■ ASSIGNMENT
Return, exactly and with nothing added, the line with "デダリー リゾート & スパ ウブド バイ イニ ヴィエ ホスピタリティ" together with all lines after it through the end of the data below. No pictures belong in the copy.

■ GIVEN MATERIAL
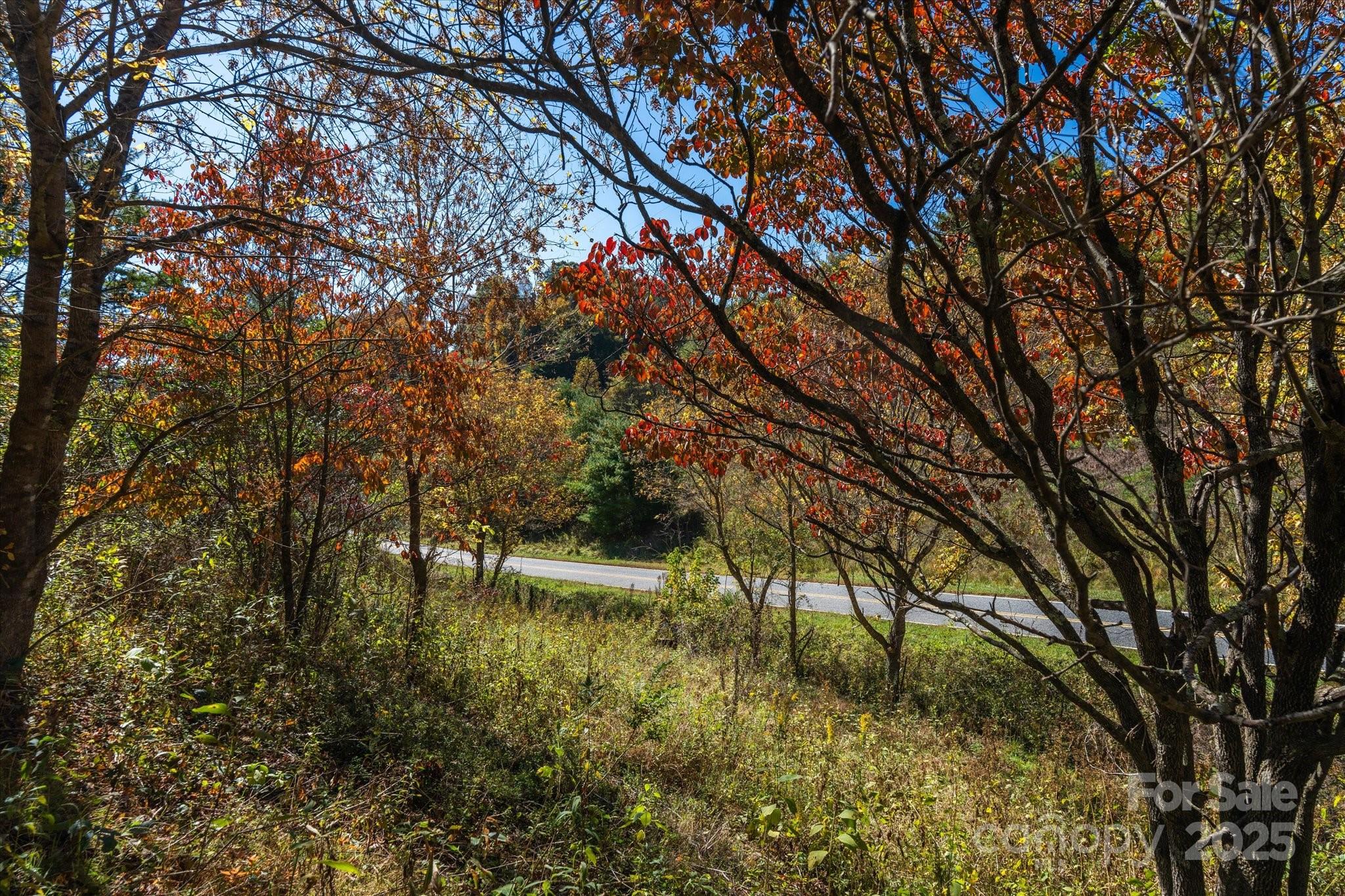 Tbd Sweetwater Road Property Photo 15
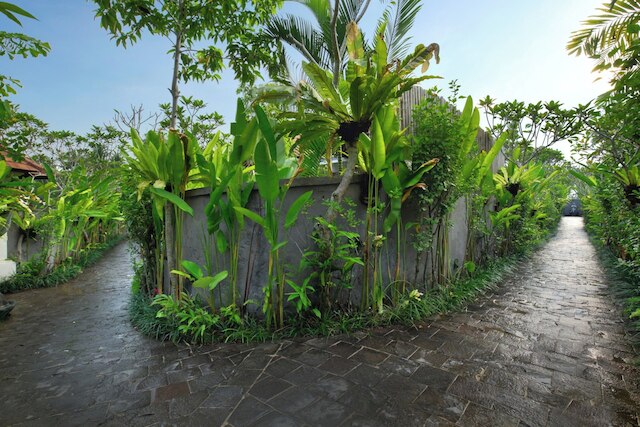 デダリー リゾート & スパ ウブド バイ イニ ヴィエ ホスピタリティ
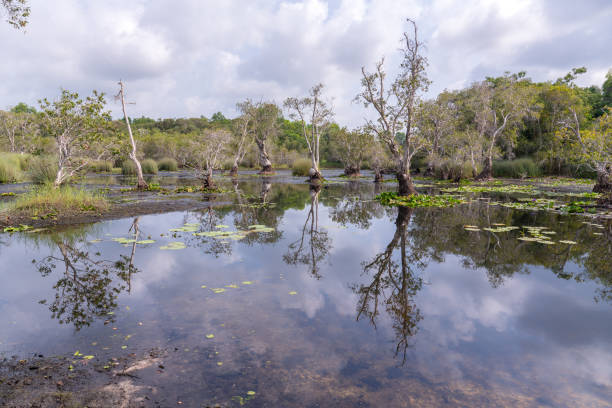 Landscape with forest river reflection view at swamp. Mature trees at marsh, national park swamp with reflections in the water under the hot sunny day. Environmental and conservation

■ RESPONSE TO THIS EXERCISE
 デダリー リゾート & スパ ウブド バイ イニ ヴィエ ホスピタリティ
 Landscape with forest river reflection view at swamp. Mature trees at marsh, national park swamp with reflections in the water under the hot sunny day. Environmental and conservation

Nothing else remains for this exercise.